* **WHAT YOU WILL DO**
Retype the whole listing verbatim and keep the pictures out of it.

* **DATA BELOW**
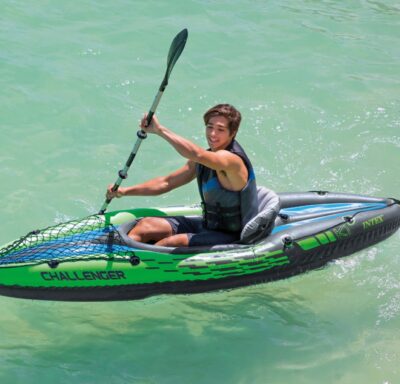 this is an image of a k1 kayak with a boy inside paddling 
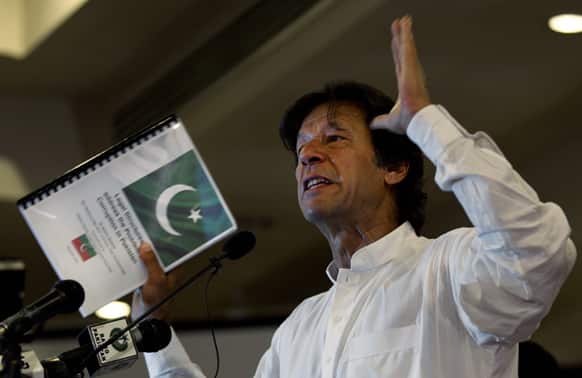 Pakistan`s former cricket star-turned-politician Imran Khan gestures as he speaks about his party, Pakistan Tehreek-e-Insaf in Islamabad.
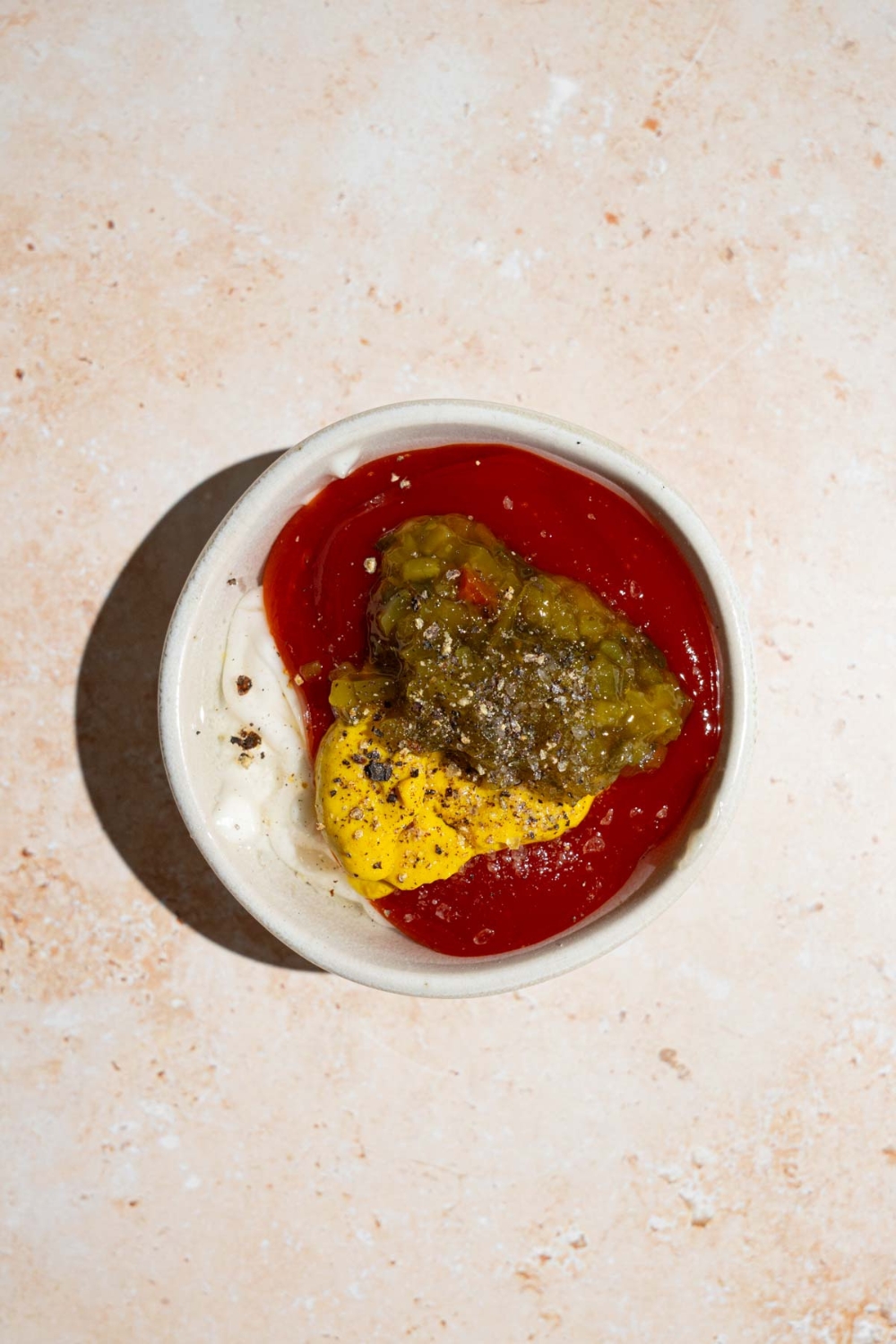 A white bowl with ingredients to make In-n-Out sauce including ketchup, mayo, mustard, relish, and seasonings. The bowl is on a tan counter.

* **RESPONSE FOR THIS EXERCISE**
 this is an image of a k1 kayak with a boy inside paddling 
 Pakistan`s former cricket star-turned-politician Imran Khan gestures as he speaks about his party, Pakistan Tehreek-e-Insaf in Islamabad.
 A white bowl with ingredients to make In-n-Out sauce including ketchup, mayo, mustard, relish, and seasonings. The bowl is on a tan counter.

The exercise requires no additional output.